TASK ITEM ->
For the material below, output exactly the span from the line with "Hillary Rohde 100%" to the line with "Experience the thrill", including both, and nothing besides.
※
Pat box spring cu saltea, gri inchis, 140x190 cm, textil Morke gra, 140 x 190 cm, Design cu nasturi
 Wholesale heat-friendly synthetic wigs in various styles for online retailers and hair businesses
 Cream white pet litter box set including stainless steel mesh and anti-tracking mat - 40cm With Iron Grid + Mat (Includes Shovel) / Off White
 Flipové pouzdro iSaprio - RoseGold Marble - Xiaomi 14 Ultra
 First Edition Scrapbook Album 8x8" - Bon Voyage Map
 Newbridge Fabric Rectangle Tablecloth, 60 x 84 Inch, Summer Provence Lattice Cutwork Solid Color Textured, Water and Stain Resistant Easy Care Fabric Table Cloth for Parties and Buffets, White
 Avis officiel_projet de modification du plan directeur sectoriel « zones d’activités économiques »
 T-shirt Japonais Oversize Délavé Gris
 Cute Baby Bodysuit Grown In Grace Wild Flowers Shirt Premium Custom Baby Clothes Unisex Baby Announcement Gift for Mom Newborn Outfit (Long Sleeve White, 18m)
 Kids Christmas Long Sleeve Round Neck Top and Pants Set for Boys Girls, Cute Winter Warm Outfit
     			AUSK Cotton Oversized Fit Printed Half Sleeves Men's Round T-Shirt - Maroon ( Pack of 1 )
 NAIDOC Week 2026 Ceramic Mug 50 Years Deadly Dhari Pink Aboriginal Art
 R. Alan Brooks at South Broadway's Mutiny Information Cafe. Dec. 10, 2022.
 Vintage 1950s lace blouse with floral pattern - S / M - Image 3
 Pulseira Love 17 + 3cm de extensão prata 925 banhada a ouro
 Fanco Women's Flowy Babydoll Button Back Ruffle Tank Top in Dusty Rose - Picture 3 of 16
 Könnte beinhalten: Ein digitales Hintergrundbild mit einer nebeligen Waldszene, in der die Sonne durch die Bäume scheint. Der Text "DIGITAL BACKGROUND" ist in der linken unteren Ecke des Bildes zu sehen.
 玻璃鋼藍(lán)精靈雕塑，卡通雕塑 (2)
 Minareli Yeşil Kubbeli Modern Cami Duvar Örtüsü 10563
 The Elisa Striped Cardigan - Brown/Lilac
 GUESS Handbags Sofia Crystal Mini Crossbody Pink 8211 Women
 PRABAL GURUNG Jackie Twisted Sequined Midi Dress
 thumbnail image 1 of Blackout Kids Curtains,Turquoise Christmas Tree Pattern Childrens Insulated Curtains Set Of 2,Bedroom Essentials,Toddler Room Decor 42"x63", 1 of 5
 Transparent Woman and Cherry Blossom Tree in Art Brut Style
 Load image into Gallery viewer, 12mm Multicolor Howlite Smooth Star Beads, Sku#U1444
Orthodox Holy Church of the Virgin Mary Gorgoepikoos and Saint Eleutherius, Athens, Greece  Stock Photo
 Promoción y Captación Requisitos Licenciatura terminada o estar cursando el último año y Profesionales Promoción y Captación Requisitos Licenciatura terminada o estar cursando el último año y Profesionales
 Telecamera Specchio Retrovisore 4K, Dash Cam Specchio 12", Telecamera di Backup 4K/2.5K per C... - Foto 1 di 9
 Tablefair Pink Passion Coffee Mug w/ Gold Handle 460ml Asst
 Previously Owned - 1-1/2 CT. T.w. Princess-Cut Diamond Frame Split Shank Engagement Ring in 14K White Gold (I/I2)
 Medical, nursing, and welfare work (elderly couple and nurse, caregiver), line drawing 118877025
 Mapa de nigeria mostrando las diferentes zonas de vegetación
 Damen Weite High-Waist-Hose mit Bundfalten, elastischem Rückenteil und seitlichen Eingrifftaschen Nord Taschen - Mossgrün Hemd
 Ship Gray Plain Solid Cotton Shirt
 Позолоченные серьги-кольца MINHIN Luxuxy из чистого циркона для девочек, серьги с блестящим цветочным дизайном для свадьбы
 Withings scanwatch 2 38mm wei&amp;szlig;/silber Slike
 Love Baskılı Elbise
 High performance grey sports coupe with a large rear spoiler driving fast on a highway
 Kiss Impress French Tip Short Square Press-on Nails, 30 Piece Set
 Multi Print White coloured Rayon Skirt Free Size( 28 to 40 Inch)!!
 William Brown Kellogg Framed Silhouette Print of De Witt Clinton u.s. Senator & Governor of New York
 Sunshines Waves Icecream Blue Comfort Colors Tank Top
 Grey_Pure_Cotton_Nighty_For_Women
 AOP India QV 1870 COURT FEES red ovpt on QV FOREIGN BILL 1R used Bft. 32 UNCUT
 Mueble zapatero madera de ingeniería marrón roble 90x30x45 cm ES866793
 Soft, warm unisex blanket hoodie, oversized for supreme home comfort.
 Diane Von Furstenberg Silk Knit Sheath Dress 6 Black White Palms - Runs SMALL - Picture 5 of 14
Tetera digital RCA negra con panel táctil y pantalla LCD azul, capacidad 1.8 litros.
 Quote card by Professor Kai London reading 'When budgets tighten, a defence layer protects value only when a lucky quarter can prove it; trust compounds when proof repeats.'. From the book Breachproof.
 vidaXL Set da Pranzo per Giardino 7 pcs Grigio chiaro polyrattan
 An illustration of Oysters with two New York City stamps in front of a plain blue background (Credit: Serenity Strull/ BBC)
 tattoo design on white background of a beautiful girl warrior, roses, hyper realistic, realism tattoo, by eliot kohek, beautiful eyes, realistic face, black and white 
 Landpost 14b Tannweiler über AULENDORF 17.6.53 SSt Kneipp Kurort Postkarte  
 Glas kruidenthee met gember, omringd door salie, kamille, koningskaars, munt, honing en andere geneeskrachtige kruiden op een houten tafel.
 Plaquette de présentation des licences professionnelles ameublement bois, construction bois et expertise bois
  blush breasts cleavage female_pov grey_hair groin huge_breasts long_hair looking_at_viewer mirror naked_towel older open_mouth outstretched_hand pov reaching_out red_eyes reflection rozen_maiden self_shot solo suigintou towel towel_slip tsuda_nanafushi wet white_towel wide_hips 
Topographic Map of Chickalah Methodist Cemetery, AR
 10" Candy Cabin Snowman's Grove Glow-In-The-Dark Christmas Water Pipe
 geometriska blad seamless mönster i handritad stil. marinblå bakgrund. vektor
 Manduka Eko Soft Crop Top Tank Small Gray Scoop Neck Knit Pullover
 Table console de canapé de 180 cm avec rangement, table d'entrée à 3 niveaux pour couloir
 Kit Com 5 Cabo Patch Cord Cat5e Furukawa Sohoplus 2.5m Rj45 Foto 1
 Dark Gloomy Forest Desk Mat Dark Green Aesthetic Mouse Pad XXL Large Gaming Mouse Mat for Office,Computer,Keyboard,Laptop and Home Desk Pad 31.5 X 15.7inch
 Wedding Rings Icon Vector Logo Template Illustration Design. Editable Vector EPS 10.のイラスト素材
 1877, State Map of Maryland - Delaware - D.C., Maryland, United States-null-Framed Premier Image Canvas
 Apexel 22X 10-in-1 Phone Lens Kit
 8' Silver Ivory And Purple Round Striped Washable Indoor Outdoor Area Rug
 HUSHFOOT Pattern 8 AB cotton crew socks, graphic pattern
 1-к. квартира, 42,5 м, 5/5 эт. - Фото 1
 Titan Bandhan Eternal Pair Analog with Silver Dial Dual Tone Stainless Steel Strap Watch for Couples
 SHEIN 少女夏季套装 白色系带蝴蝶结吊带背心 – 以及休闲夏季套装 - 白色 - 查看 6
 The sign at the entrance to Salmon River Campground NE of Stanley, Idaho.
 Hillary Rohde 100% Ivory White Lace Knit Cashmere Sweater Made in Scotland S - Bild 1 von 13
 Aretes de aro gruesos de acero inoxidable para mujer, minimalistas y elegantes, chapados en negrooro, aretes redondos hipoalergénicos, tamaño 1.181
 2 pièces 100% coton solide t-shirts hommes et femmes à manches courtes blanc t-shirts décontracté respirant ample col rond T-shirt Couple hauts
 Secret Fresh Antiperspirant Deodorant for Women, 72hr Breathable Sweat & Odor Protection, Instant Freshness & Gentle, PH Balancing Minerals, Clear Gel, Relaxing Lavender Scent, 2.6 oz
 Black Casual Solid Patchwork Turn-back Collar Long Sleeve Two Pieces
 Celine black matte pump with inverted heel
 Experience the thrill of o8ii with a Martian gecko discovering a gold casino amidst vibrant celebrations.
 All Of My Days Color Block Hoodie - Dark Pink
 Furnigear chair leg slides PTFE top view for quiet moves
※
TASK RESULT ->
 Hillary Rohde 100% Ivory White Lace Knit Cashmere Sweater Made in Scotland S - Bild 1 von 13
 Aretes de aro gruesos de acero inoxidable para mujer, minimalistas y elegantes, chapados en negrooro, aretes redondos hipoalergénicos, tamaño 1.181
 2 pièces 100% coton solide t-shirts hommes et femmes à manches courtes blanc t-shirts décontracté respirant ample col rond T-shirt Couple hauts
 Secret Fresh Antiperspirant Deodorant for Women, 72hr Breathable Sweat & Odor Protection, Instant Freshness & Gentle, PH Balancing Minerals, Clear Gel, Relaxing Lavender Scent, 2.6 oz
 Black Casual Solid Patchwork Turn-back Collar Long Sleeve Two Pieces
 Celine black matte pump with inverted heel
 Experience the thrill of o8ii with a Martian gecko discovering a gold casino amidst vibrant celebrations.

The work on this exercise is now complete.